## Work task
Beneath this line sits some data. Return only its lines from the one holding "ARCHIV - Ein" through the one holding "Et opholdsområde på", inclusive, exactly, with the images removed.

[Given information Boundary: Start]

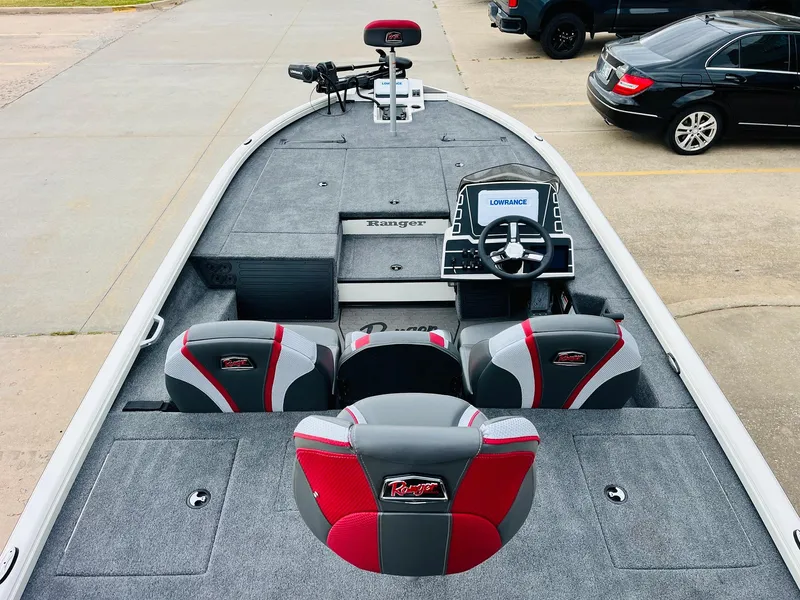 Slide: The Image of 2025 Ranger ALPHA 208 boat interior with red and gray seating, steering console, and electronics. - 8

[Given information Boundary: End]
[Given information Boundary: Start]

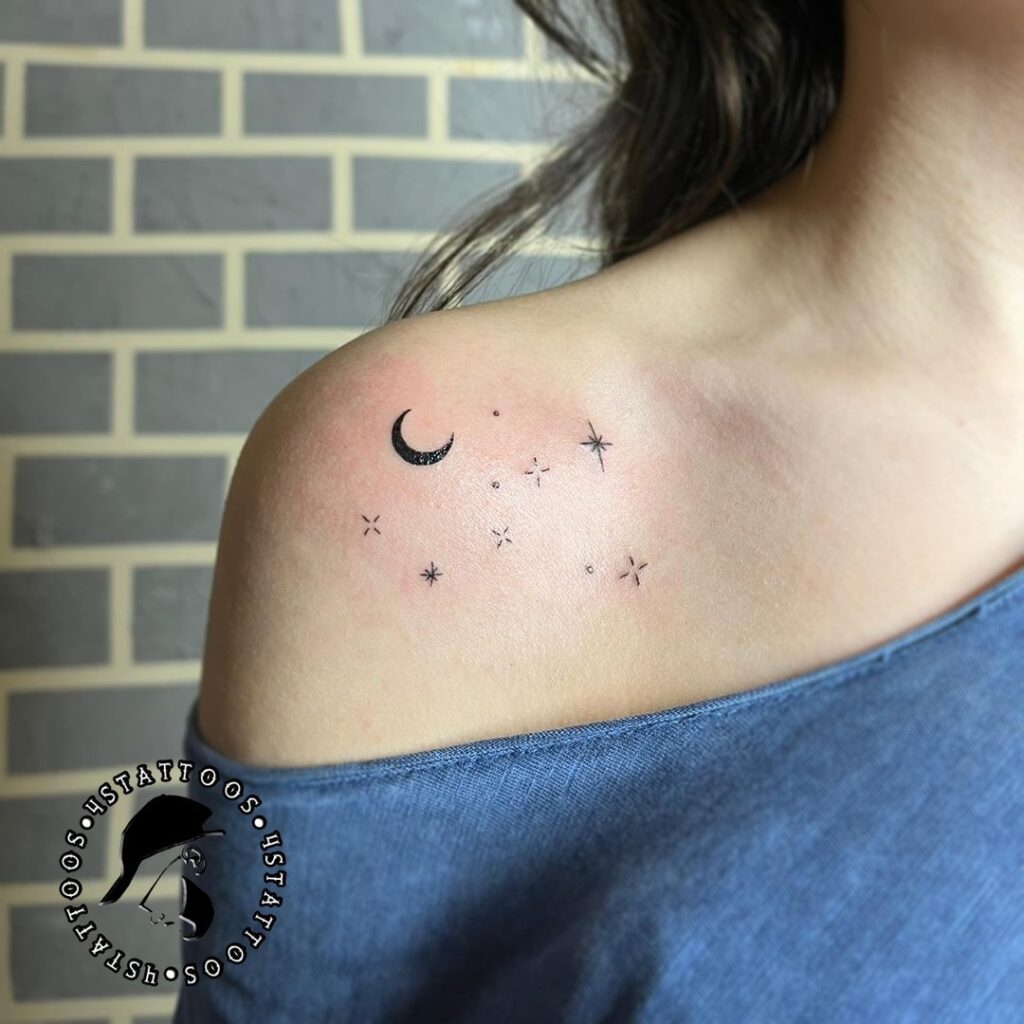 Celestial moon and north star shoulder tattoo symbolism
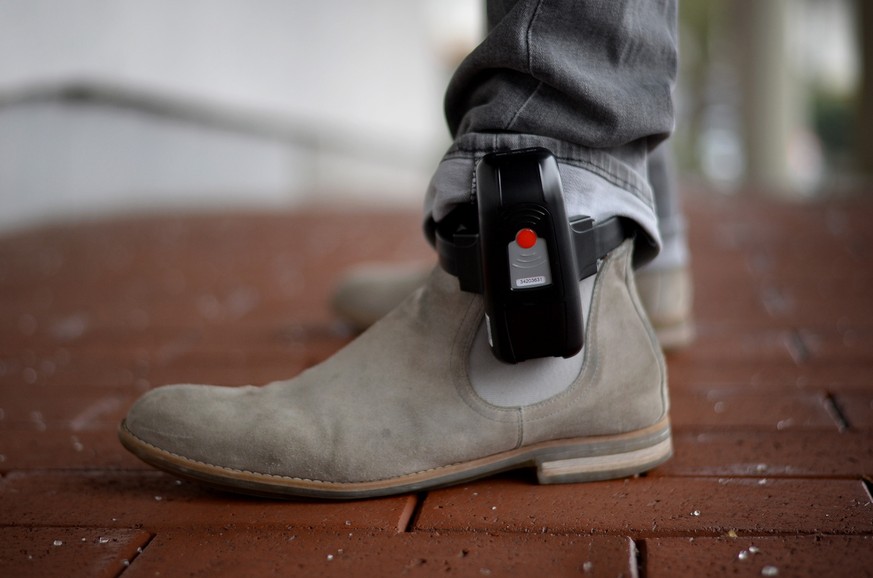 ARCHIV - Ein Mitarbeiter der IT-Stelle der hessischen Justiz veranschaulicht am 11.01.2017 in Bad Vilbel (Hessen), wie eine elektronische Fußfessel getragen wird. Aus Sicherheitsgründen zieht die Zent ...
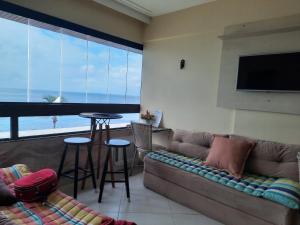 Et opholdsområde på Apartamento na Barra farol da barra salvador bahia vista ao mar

[Given information Boundary: End]

## Solved exercise
 ARCHIV - Ein Mitarbeiter der IT-Stelle der hessischen Justiz veranschaulicht am 11.01.2017 in Bad Vilbel (Hessen), wie eine elektronische Fußfessel getragen wird. Aus Sicherheitsgründen zieht die Zent ...
 Et opholdsområde på Apartamento na Barra farol da barra salvador bahia vista ao mar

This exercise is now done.